Fermez les yeux quelques instants et laissez vous embarquer quelques instants. Laissez-vous embringuer plusieurs décennies en arrière, sous les brumes d'un petit pays de cette Mittel Europa dont on ne parle malheureusement guère que pour fustiger son actuel président, autocrate droitier à l'ancienne mode ; cependant, oubliez-le présent, si vous le voulez bien.

Voila... Vous êtes calés ? Gardez les yeux encore fermé quelques instants.
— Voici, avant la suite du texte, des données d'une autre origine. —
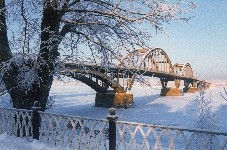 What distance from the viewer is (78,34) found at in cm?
1020

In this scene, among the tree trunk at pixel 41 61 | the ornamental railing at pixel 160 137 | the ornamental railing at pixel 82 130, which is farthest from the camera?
the tree trunk at pixel 41 61

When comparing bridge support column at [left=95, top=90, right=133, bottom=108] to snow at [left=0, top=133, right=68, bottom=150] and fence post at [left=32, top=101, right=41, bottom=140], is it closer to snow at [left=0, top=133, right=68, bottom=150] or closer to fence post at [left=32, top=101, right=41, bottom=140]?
snow at [left=0, top=133, right=68, bottom=150]

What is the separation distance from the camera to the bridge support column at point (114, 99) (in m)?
42.5

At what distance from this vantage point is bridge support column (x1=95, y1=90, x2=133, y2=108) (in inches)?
1674

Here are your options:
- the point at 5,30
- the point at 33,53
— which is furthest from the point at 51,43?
the point at 5,30

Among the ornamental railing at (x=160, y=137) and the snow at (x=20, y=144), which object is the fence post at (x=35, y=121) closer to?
the snow at (x=20, y=144)

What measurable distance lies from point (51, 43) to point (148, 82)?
10.8ft

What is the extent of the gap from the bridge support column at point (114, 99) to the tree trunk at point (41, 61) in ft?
107

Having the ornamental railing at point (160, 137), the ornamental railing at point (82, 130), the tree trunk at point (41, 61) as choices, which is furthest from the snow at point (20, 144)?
the ornamental railing at point (160, 137)

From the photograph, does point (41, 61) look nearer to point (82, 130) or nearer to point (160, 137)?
point (82, 130)

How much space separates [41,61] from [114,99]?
3398cm

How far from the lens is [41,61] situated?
930 cm

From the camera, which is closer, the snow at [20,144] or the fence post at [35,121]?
the snow at [20,144]

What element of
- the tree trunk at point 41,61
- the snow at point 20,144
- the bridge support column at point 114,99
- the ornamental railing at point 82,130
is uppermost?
the tree trunk at point 41,61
Imaginez... Vous êtes en Hongrie, en sa capitale Budapest pour être plus précis. Mieux encore, vous êtes attablés à la terrasse d'un de ses innombrables cafés tellement vivant, et pas des moindres puisqu'il s'agit du Central, où vous avez vos habitudes depuis déjà pas mal de temps ; depuis le début de ce siècle si surprenant, violent et génial à la fois, tandis que vous étiez encore bien jeune et grand admirateur de l'oeuvre du français Jules Verne.
Mais vous avez toutefois un peu vieilli et nous sommes en 1936. Les nazis sont installés au pouvoir dans l'Allemagne proche, vous en avez déjà quelque échos ici (ces imbéciles de l'extrême droite dont il arrive que les têtes mal-pensantes vous égratignent dans leurs torches-cul) mais rien qui puisse laisser présager du pire à venir. Vous préférez vous remémorer tous ces bons moments durant lesquels vous fûtes le centre de toutes les attentions, vous, l'écrivain moitié humoriste, moitié anarchiste, le poète sensible, l'imitateur redoutable et drôle des styles de vos contemporains, le dramaturge à ses heures, n'hésitant pas à vous donner en spectacle au zinc de ce bon vieux central - où dans tout autre grand café de la gentiment, de la loufoquement surréaliste Budapest -, imitant les manies, les gestes de vos semblables célèbres avec art, délectation, dérision et tendresse malgré tout, parce que si vous affirmez que votre plaisir préféré c'est une espèce de jeu de "Je dénonce l'humanité" (titre d'un de vos ouvrages en français), en réalité, en décrivant nos petits et grands travers, vous l'aimez, cette humanité. de toute manière, à l'instar de l'adage, (charité bien ordonnée, etc), vous êtes aussi un franc adepte de l'autodérision. Vous mêmes êtes un peu surréaliste, un peu 'pataphysicien, et c'est très probablement ce qui plait chez autrui.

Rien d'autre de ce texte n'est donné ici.